------ INFORMATION
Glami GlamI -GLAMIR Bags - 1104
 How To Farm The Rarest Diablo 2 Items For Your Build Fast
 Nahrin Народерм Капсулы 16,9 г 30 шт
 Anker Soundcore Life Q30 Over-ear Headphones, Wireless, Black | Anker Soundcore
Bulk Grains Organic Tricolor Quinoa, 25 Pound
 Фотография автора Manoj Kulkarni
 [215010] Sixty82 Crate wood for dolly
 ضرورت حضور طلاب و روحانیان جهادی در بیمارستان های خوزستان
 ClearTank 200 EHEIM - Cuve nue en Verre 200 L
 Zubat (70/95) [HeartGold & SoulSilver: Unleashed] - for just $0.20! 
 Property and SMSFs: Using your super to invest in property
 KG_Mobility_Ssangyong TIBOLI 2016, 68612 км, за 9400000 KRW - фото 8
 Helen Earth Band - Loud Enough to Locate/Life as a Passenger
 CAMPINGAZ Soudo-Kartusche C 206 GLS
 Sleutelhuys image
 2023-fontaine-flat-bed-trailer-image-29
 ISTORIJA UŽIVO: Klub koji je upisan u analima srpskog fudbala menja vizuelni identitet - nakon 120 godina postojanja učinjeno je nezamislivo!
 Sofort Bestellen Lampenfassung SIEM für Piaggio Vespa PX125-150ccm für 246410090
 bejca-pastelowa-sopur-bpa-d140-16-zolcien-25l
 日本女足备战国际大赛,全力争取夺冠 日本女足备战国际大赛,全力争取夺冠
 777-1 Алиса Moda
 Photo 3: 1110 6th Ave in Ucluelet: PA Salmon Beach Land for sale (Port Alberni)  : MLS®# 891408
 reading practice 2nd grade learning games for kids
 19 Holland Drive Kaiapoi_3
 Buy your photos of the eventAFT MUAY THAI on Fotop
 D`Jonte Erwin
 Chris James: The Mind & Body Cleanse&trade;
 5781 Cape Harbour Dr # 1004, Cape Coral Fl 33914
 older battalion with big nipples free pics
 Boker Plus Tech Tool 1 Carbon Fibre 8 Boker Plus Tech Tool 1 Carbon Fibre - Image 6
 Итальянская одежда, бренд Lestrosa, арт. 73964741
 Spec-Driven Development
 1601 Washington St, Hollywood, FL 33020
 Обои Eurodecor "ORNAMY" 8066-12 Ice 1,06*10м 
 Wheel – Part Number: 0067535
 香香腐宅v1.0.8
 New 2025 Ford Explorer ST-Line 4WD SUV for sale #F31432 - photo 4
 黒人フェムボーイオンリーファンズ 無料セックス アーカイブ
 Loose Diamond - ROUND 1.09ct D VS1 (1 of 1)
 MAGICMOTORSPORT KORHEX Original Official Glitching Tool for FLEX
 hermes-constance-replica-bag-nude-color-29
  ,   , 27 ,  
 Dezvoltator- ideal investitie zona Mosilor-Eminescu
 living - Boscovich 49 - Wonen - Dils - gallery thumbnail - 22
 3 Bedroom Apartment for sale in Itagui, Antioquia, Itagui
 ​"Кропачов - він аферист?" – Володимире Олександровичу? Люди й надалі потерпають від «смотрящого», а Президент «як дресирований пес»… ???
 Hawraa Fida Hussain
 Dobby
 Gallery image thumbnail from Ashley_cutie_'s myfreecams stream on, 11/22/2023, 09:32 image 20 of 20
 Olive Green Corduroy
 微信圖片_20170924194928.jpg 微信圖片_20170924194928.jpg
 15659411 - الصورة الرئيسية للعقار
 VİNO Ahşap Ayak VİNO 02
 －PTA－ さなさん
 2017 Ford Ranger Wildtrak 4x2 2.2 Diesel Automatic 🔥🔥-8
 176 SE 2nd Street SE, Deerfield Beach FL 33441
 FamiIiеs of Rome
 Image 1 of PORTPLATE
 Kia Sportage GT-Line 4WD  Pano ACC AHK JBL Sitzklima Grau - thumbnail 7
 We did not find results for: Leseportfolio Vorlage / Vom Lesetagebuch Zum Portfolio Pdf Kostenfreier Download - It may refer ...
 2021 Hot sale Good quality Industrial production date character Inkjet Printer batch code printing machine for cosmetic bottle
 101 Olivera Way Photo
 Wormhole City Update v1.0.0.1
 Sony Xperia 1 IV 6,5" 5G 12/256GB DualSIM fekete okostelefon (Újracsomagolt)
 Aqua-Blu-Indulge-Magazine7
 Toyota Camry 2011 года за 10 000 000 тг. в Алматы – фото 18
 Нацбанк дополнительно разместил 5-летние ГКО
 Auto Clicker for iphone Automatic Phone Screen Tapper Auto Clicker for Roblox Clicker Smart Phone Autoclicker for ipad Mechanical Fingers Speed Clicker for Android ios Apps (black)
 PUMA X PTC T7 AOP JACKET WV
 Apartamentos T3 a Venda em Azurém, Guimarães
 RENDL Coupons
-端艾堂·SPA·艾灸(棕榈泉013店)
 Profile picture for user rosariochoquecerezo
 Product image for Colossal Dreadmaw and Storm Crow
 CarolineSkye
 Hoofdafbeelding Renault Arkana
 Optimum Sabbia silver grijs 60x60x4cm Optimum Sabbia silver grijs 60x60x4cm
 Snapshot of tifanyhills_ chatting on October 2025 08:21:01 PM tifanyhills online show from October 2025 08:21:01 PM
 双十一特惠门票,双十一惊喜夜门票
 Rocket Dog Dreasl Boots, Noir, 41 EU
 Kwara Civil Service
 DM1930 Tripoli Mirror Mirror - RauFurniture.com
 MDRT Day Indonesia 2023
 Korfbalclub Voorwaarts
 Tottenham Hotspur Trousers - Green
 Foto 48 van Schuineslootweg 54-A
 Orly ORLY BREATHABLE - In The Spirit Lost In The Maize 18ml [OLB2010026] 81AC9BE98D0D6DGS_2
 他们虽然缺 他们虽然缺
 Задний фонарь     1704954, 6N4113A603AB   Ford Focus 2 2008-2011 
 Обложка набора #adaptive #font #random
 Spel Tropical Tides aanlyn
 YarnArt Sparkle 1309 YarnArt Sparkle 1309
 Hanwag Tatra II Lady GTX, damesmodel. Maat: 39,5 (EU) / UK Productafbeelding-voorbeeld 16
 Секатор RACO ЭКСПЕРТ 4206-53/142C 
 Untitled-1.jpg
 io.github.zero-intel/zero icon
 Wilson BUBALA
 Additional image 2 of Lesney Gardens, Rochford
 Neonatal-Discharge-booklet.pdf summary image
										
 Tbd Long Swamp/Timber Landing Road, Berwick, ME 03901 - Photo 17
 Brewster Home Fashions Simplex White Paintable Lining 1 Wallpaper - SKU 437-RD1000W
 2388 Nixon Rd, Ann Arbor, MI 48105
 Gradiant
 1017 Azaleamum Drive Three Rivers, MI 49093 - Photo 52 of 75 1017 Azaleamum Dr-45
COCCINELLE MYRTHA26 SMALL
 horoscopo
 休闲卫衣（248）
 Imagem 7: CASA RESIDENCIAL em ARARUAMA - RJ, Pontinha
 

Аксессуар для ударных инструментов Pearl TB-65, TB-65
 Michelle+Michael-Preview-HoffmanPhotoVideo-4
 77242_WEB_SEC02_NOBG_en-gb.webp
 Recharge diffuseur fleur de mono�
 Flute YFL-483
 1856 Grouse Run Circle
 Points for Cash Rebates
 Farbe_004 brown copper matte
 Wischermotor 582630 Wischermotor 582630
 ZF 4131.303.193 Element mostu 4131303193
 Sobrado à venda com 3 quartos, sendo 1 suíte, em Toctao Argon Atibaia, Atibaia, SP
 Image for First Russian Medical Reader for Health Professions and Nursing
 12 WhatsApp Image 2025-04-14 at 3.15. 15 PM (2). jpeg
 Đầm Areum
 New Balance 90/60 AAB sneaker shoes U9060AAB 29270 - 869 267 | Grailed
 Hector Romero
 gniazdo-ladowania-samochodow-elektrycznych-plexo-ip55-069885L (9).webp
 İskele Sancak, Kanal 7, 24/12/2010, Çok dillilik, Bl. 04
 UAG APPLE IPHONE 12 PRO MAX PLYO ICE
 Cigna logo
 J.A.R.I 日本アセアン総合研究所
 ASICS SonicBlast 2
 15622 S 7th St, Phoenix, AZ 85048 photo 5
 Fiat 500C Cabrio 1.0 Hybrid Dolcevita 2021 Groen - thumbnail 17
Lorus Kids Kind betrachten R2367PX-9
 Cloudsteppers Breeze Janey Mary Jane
------------
#### WORK REQUEST:
In the entries above, one line contains "Profile picture for user rosariochoquecerezo" and another contains "他们虽然缺 他们虽然缺". Reproduce exactly those two lines and the lines between them, nothing else.

#### RESULT OF THE TASK:
 Profile picture for user rosariochoquecerezo
 Product image for Colossal Dreadmaw and Storm Crow
 CarolineSkye
 Hoofdafbeelding Renault Arkana
 Optimum Sabbia silver grijs 60x60x4cm Optimum Sabbia silver grijs 60x60x4cm
 Snapshot of tifanyhills_ chatting on October 2025 08:21:01 PM tifanyhills online show from October 2025 08:21:01 PM
 双十一特惠门票,双十一惊喜夜门票
 Rocket Dog Dreasl Boots, Noir, 41 EU
 Kwara Civil Service
 DM1930 Tripoli Mirror Mirror - RauFurniture.com
 MDRT Day Indonesia 2023
 Korfbalclub Voorwaarts
 Tottenham Hotspur Trousers - Green
 Foto 48 van Schuineslootweg 54-A
 Orly ORLY BREATHABLE - In The Spirit Lost In The Maize 18ml [OLB2010026] 81AC9BE98D0D6DGS_2
 他们虽然缺 他们虽然缺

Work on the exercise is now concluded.